The case sits at the intersection of:

  • Service tax legacy disputes pending before the CESTAT, and
  • Implementation of SVLDRS, a one‑time amnesty/settlement scheme intended to clean up past indirect tax disputes.

The decision reaffirms and operationalises the principles earlier set out by a co‑ordinate Bench in Code Engineers Pvt. Ltd. v. Union of India, 2021 (46) G.S.T.L. 400 (Bom), particularly concerning the meaning and scope of “verification” by the designated committee.

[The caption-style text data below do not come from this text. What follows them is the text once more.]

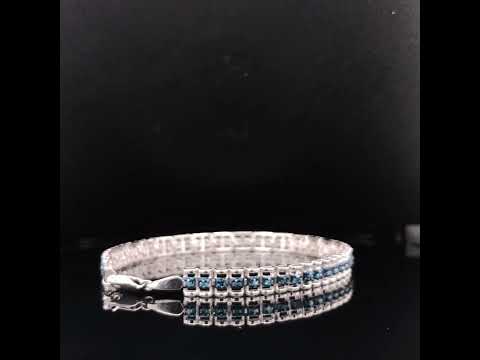 Rotating video showing the jewelry item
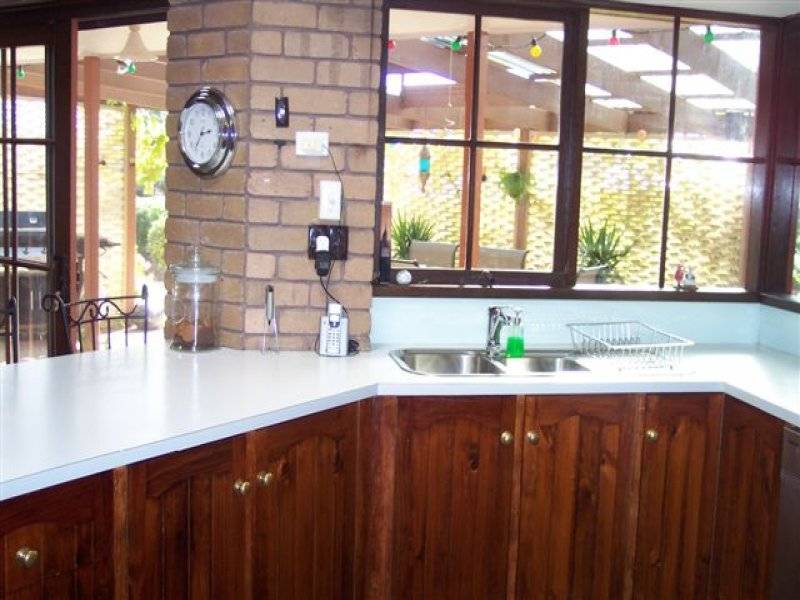 8 Mirrabooka Crescent, Hallett Cove SA 5158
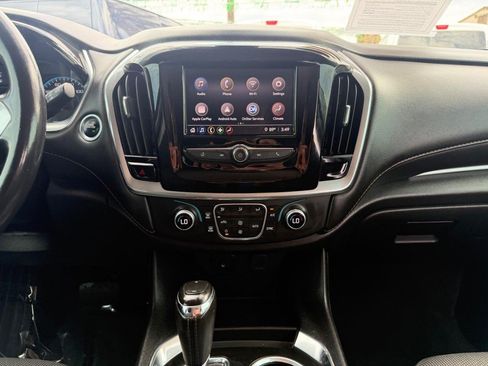 Used 2020 Chevrolet Traverse LT FWD image 25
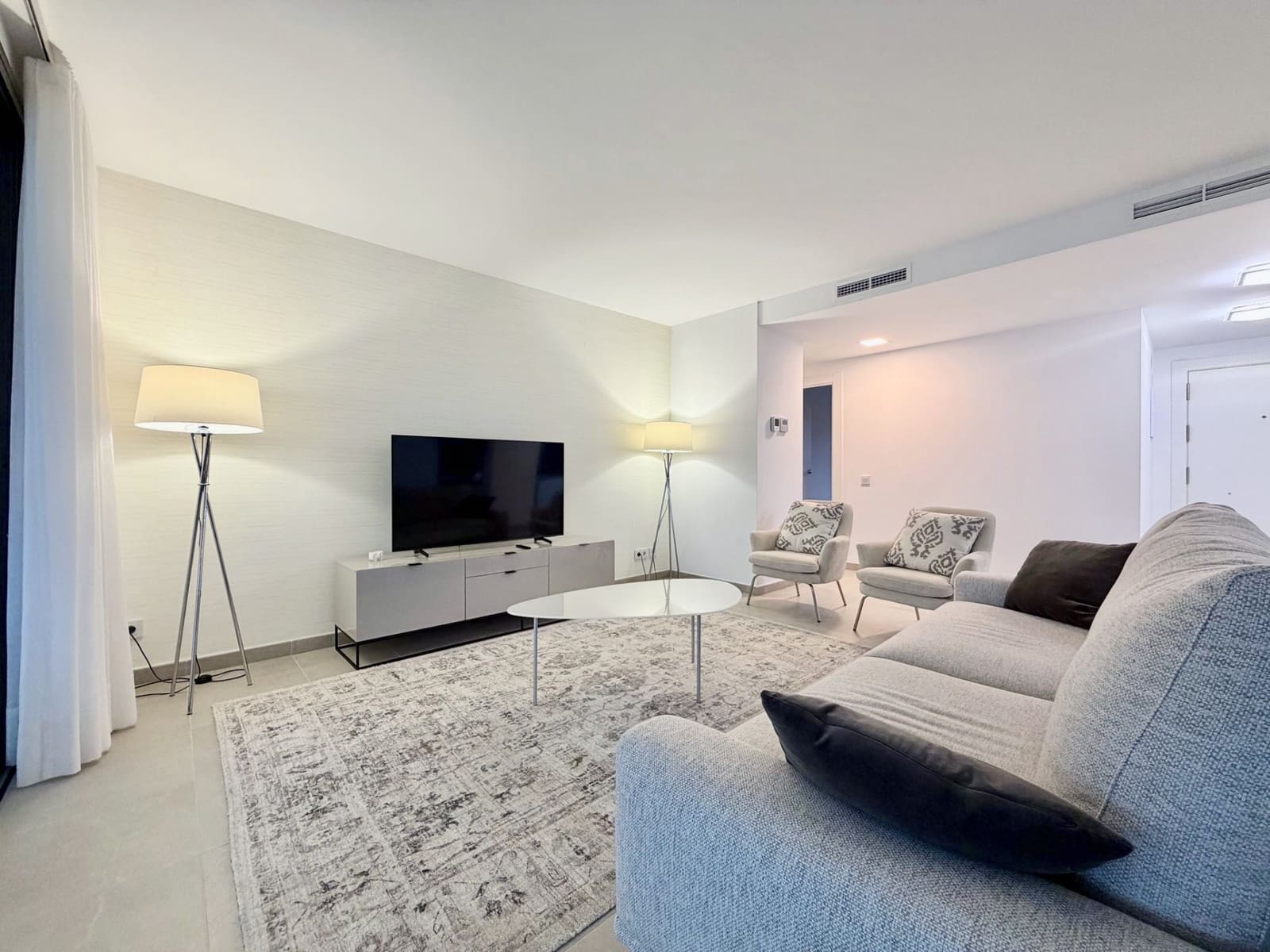 3 bedroom Apartment for rent in Casares with pool garage - € 2,200 (Ref: 9698184)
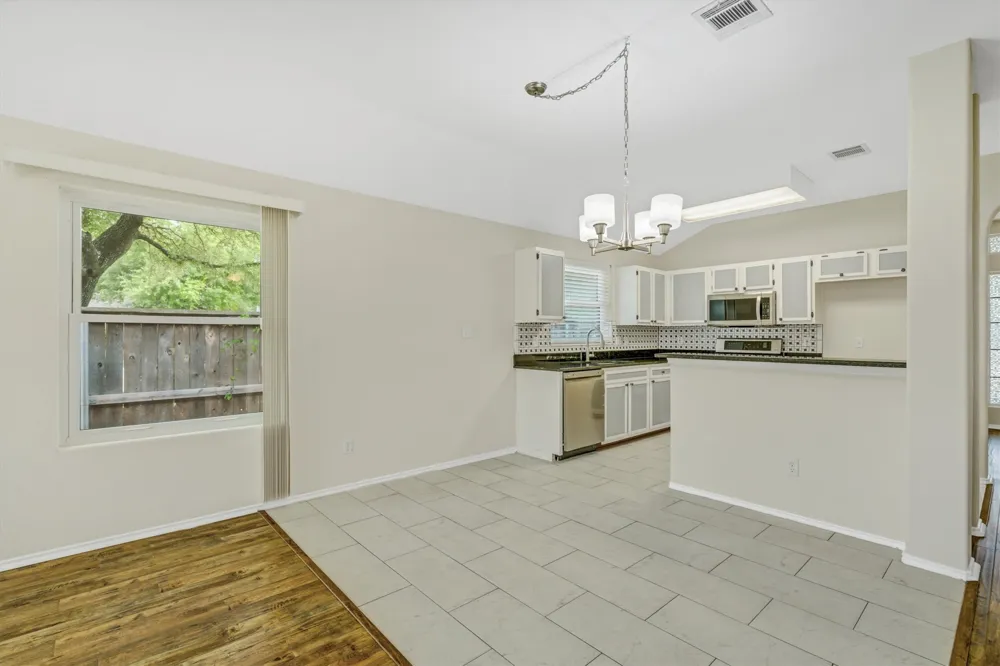1900 Avante Drive Cedar Park, TX 78613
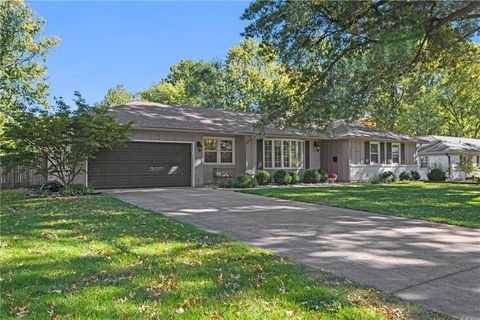 Photo of 9631 Canterbury Street, Overland Park, KS 66206 (MLS # 2582107) Photo of 9631 Canterbury Street, Overland Park, KS 66206 (MLS # 2582107)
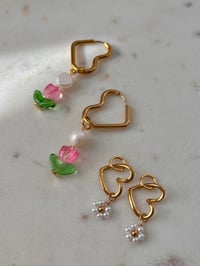 Image 3 of BUILDABLE TULIP / PEARL HEART EARRINGS 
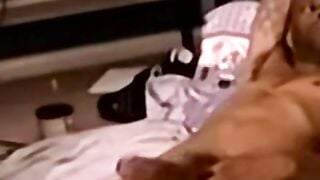 Young black amateur barebacks fat mature man with his BBC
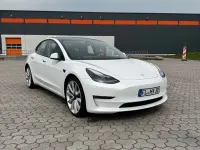 Second-hand Tesla Model 3 366 kW (498 CP) 2021 Alb Berlinǎ
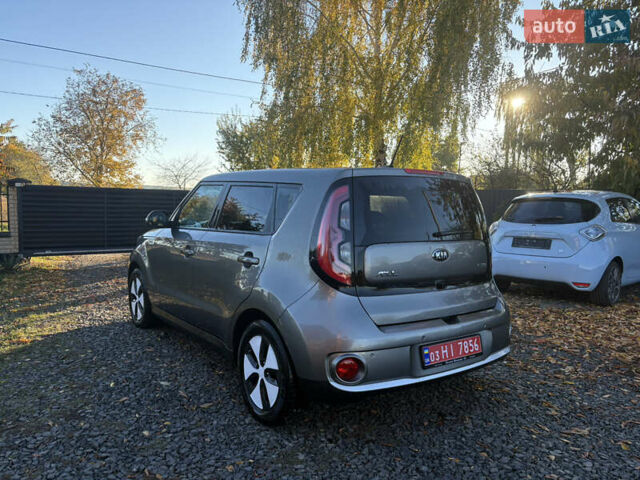 Серый Киа Soul EV, объемом двигателя 0 л и пробегом 99 тыс. км за 6100 $, фото 6 на Automoto.ua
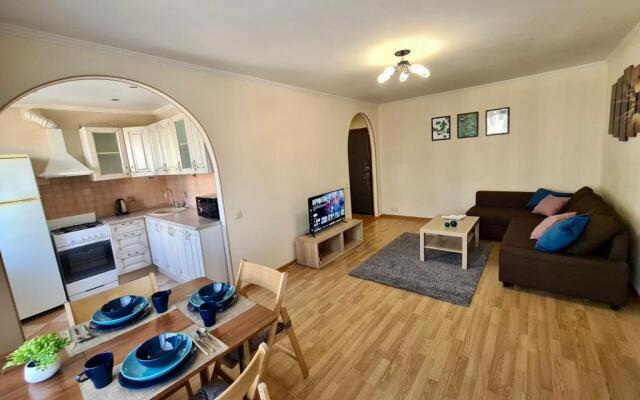 Квартира Уютная двухкомнатная на Усачева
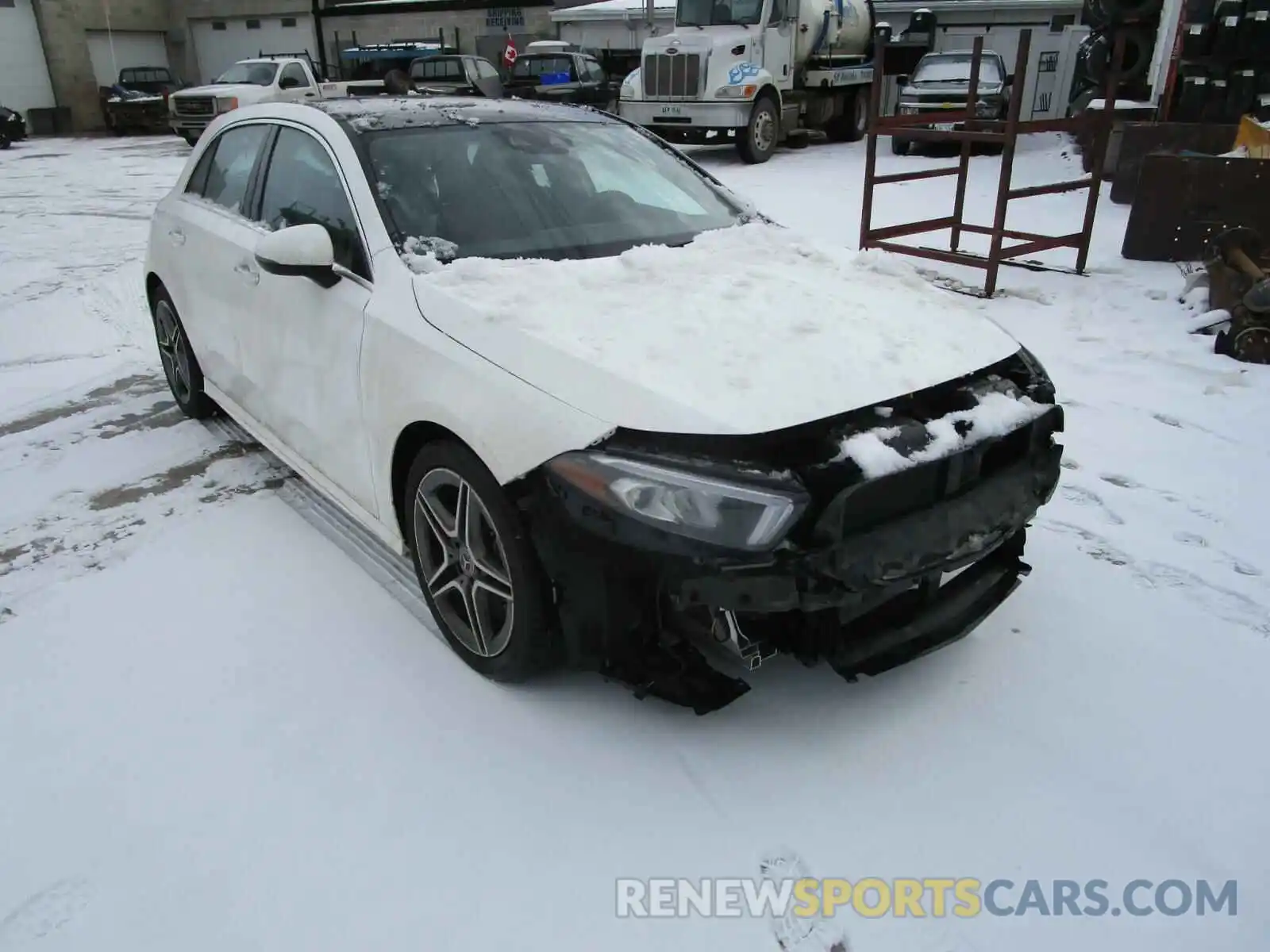 1 Photograph of a damaged car WDD3F4HB4KJ096162 MERCEDES-BENZ A-CLASS 2019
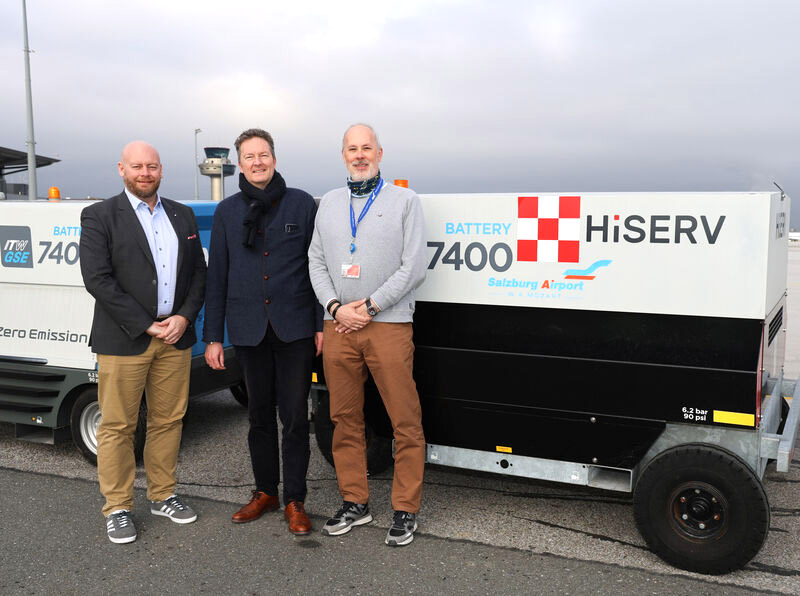 Bernhard Wodl (CCO Salzburg Airport), Wolfgang Fasching (Head of Commercials bei HiServ) and Nicolas Karres, Senior Expert Salzburg Airport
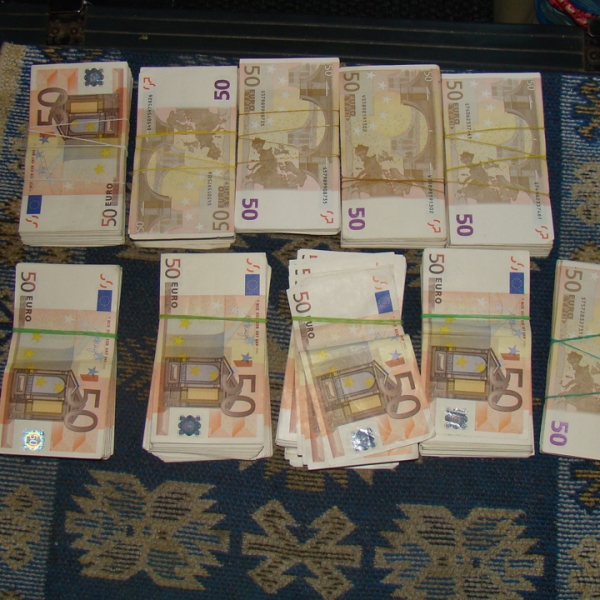 Peste 360.000 euro şi dolari, ascunşi într-un autocar la Giurgiu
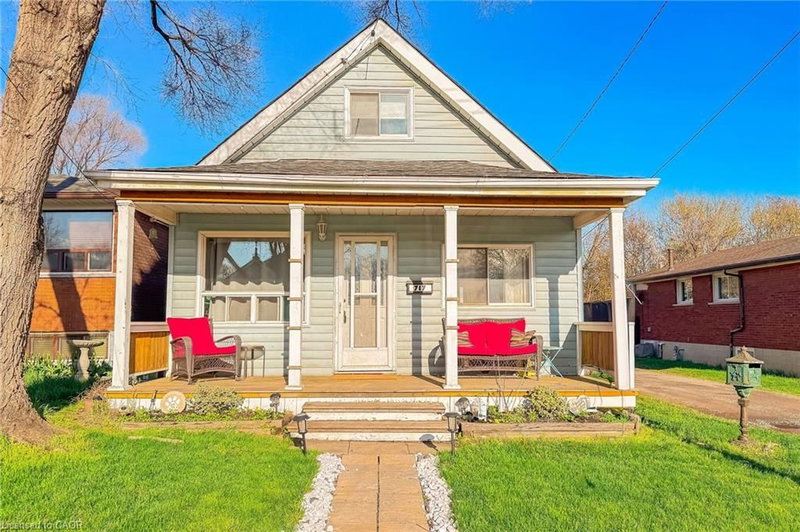 717 Knox Avenue, Hamilton, Ontario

2. Factual and Procedural Background

2.1 Parties

  • Petitioner: Evershine Enterprises – an assessee under the service tax regime.
  • Respondents:
    • Union of India through the Secretary, Ministry of Finance, and
    • Departmental authorities, including the service tax Commissionerate (Respondent No. 3) responsible for adjudication and SVLDRS processing.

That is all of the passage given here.